Yeah me neither.
I think the only thing that would convince people to move away from curl at this point would be if curl had a heartbleed level vulnerability and failed to fix it quickly.
Look at how any "FOSS + VC + for-profit" company in the last 5-10 years worked out, and you'll see the playbook.
many engineers actually work that way, right? We are employed for 12 months and give our availability fully to the company and we get salary for it, why isn't it allowed to others?
Since then a diff of the two projects will be a perfect list of security issues and will make designing an attack rather easy...
Of course, "European companies normally ignore their paid customers too from May to August" is factious, but there is a slight hint of truth in there, in that things generally is slower, at least in the South/West countries I'm more familiar with.
That is not ignoring but announcing a delay.

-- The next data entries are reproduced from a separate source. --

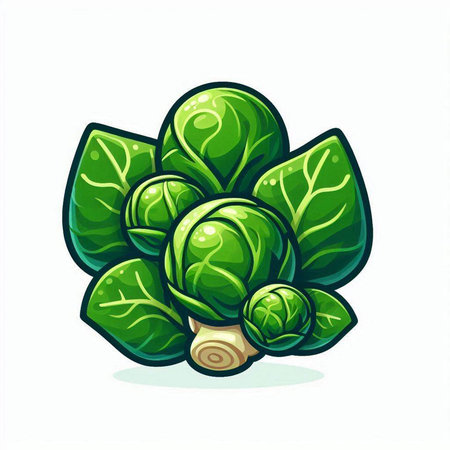 Brussels sprouts isolated on white background. Vector illustration.のイラスト素材
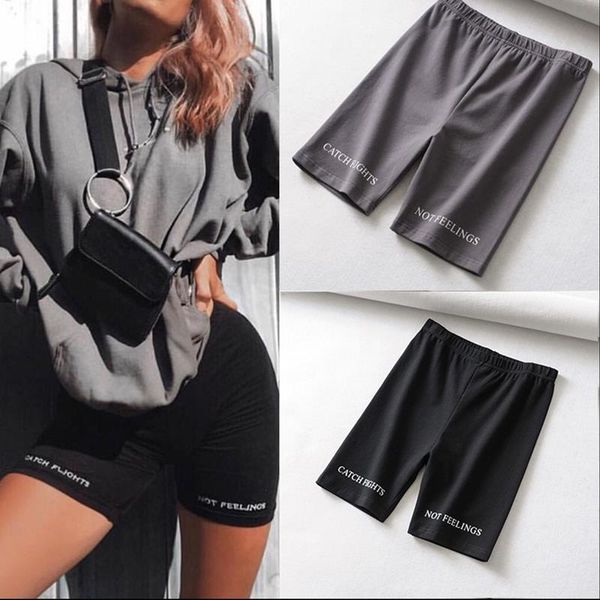 

high waist fashionshorts biker womens shorts fitness polyester korean casual cotton black athleisure cycling, White;black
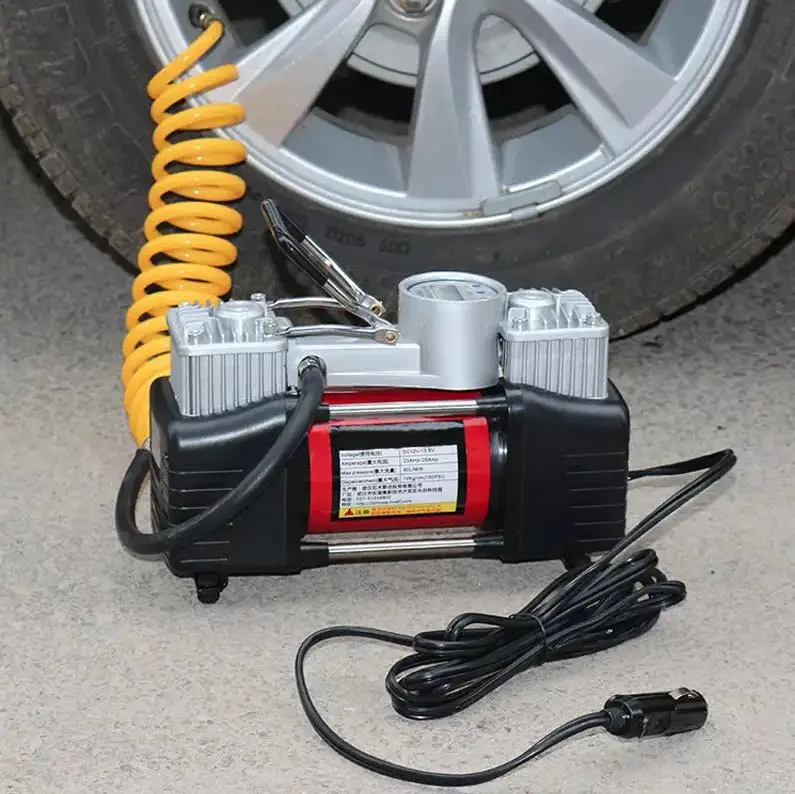 Heavy Duty Double Cylinder Tyre Inflator Portable Mini Electric Air Pump Dc 12v Car Air Compressor Tire Inflators With Led Light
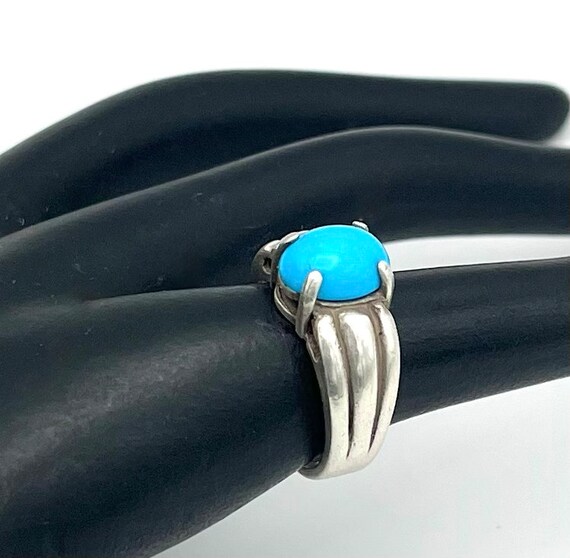 Turquoise  Sterling silver  Ring size 6 1/2   blu… - image 3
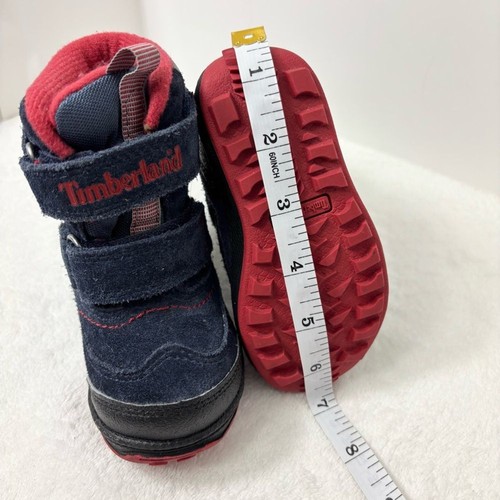 STIVALI DA NEVE IMPERMEABILI TIMBERLAND BLU SCURO E ROSSO BAMBINO GROTTA POLARE taglia 5 - Foto 9 di 13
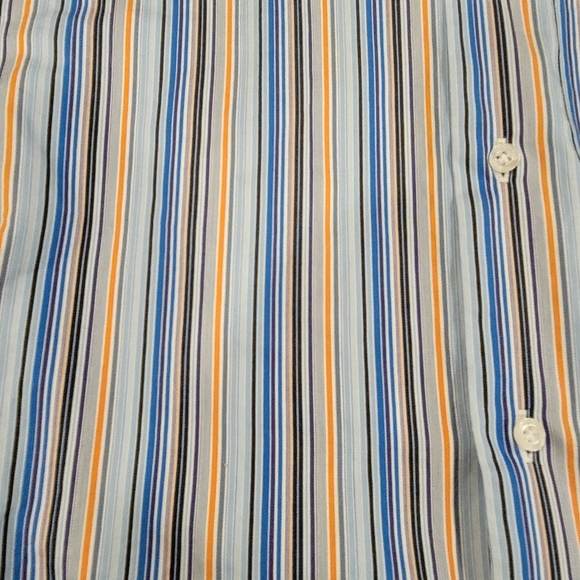 Robert Graham SZ M Multicolor Striped Button Down Shirt Embroidered Flip Cuffs - Picture 11 of 11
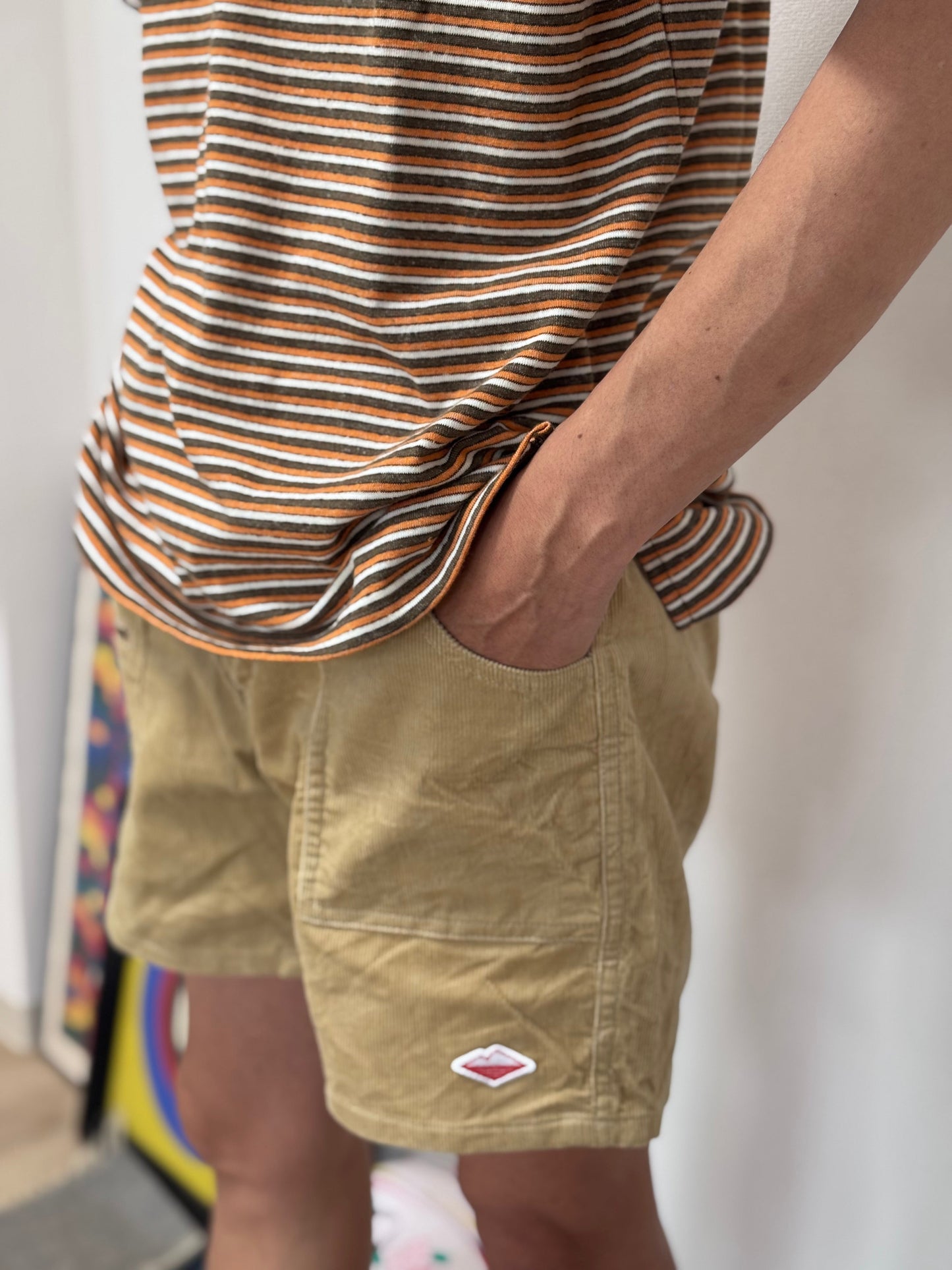 Beach Polo-Olive  x Orange Stripe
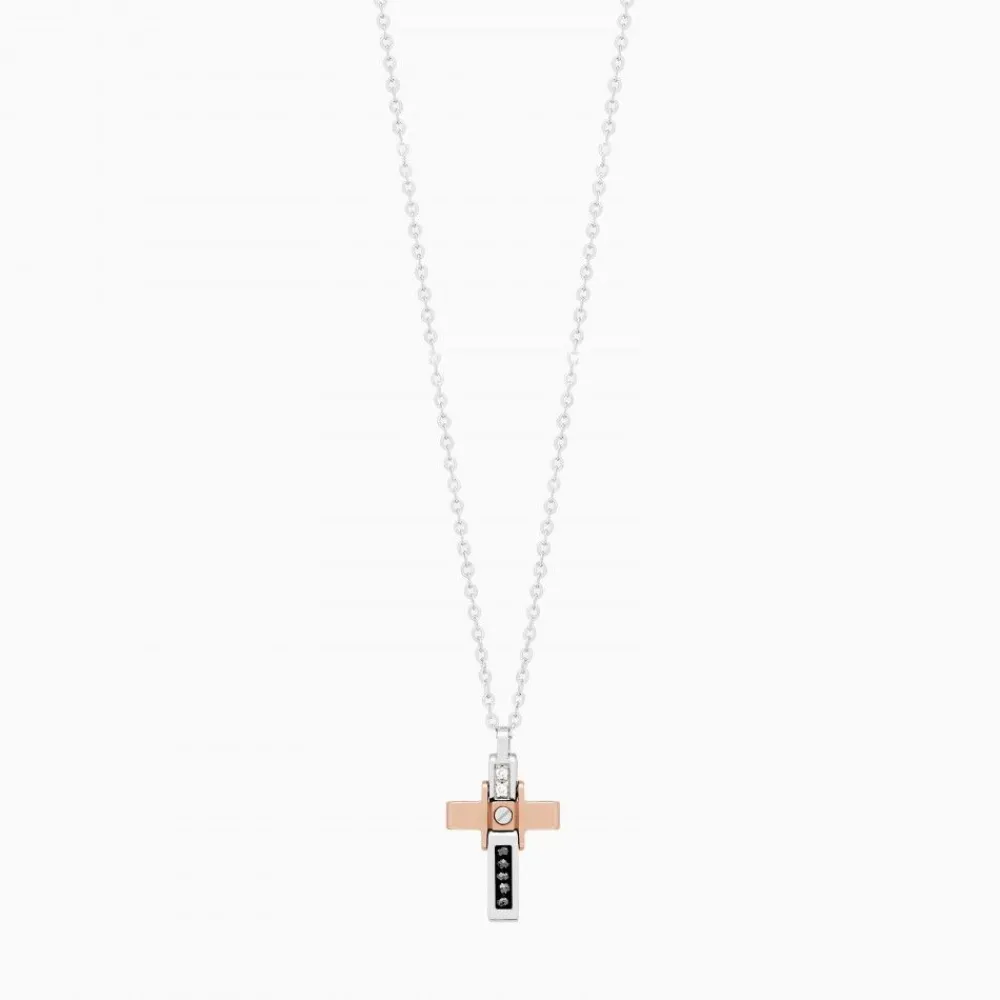 Shop Zancan White Gold Necklace With Cross And Diamonds. Colliers
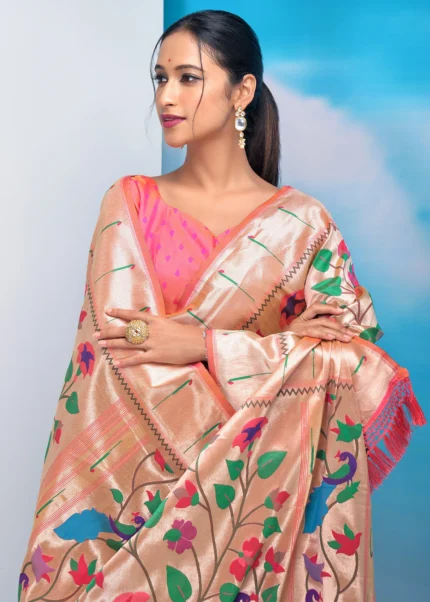 Peach Paithani Silk Saree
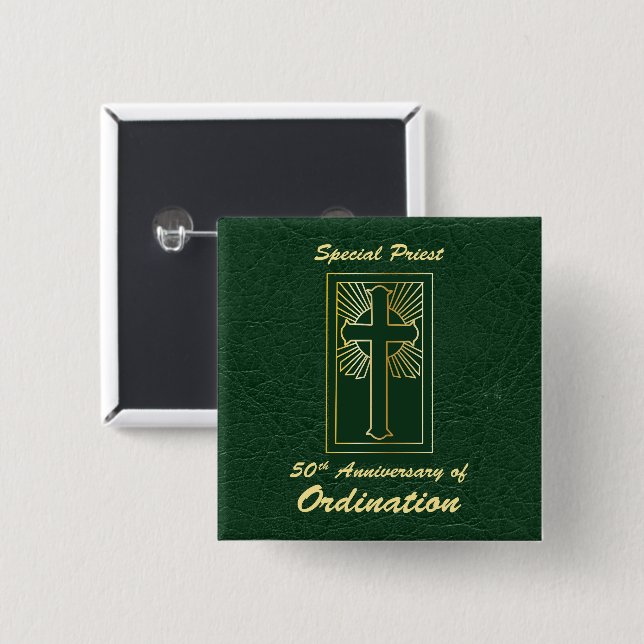 Priest 50th Anniversary of Ordination Leather Look 15 Cm Square Badge (Front & Back)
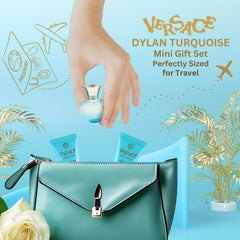 Versace Dylan Turquoise Womens Mini Perfume Trio Gift Set (5ml EDT Splash, 23ml Body Gel & 23ml Shower Gel)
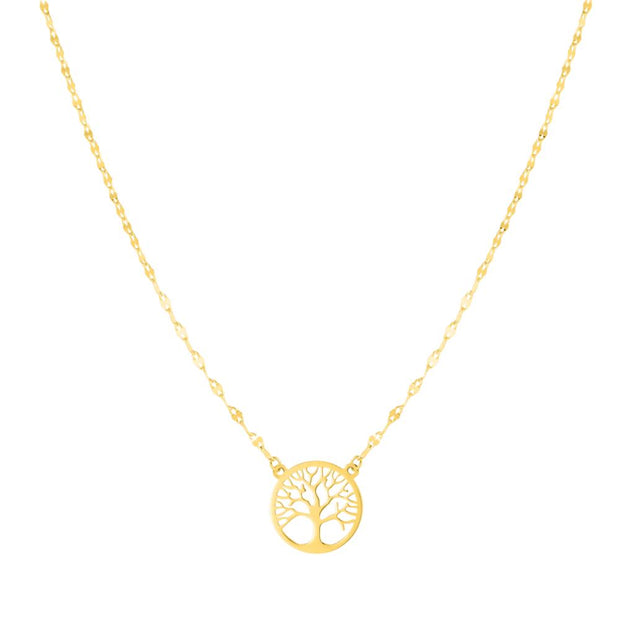 14K Gold Tree of Life on Mirror Chain Necklace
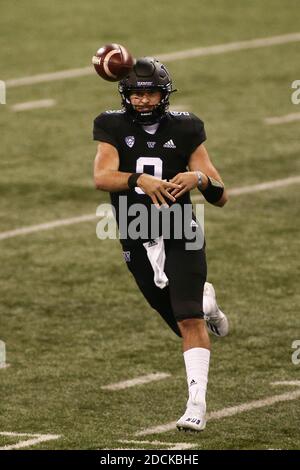 Seattle, WA, États-Unis. 21 novembre 2020. Le quarterback des Huskies de Washington Dylan Morris (9) se lance lors d'un match entre les Wildcats de l'Arizona et les Huskies de Washington au stade Husky de Seattle, en Australie occidentale. Sean Brown/CSM/Alamy Live News Banque D'Images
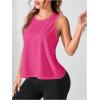 imageOYOANGLE Womens Sports Workout Tops Open Back Running Tank Top Racerback Casual Yoga Athletic ShirtsHot Pink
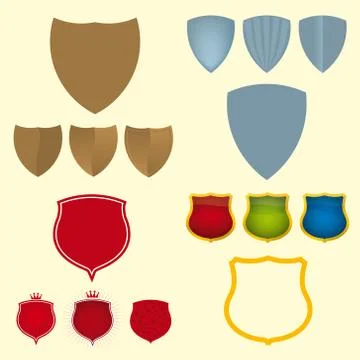 Four sets of blank shield icons. Different styles. Stock Illustration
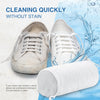 Shoe Washing Bag for Washing Machine, Fluffy Fibers Keep 360° Wrap-Around Cleaning, 2 Pairs Adjustable Shoe Trees, Durable Hidden Zipper Reusable Shoe Laundry Bag for Sneaker Gym Shoes White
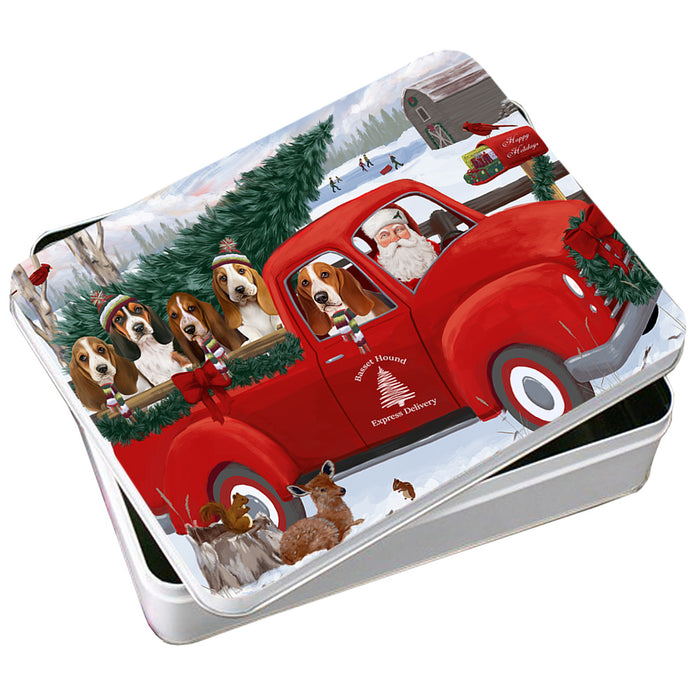 Christmas Santa Express Delivery Basset Hounds Dog Family Photo Storage Tin PITN54949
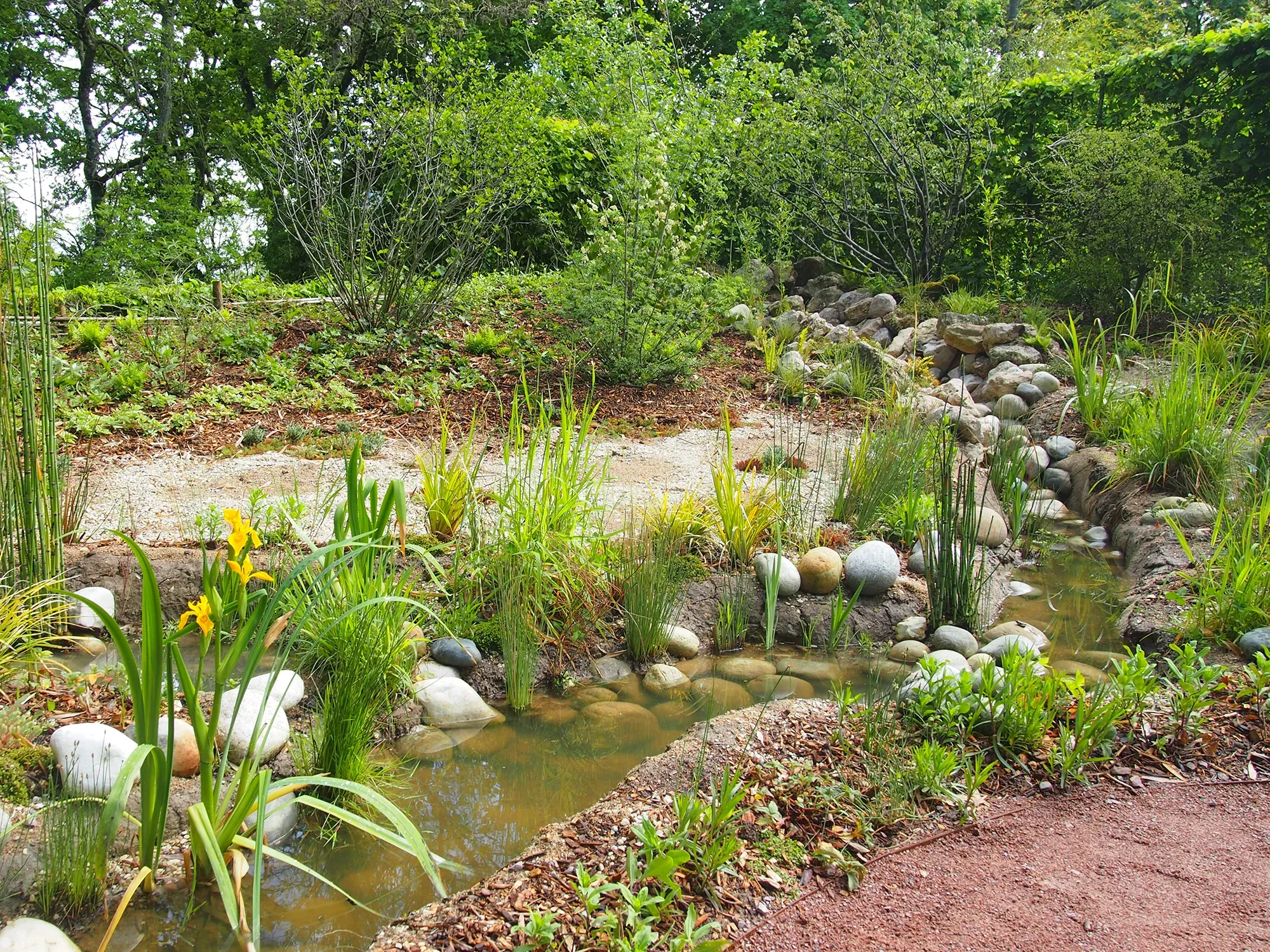 Vue globale de la rivière réalisée dans le cadre du festival international des Jardins à Chaumont sur Loire en Avril 2023. Ce jardin éphémère est le fruit d'une collaboration entre Miroardo et le collectif Brèche.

Bigger companies may have only limited number of people checking the mailboxes in july and august, that doesn't excuse not sending a small reply announcing delays but I guess they take it so much for granted they don't realize other continents aren't used to those kinds of delays. However in May and June every company is totally operational ( that doesn't mean nobody take holidays ). If you request something to one named person, that sole person can have scheduled holidays, parental or medical leave any time of the year. If it is a team mailbox, you should get an answer.
I think maybe with the American PoV of "the customer is always right", that might basically feel like a slap and the face and being ignored. Of course, we should understand that every human needs to rest during the year, but if you don't have that opportunity yourself by law, maybe you're less knowing about that being a thing in other more modern countries?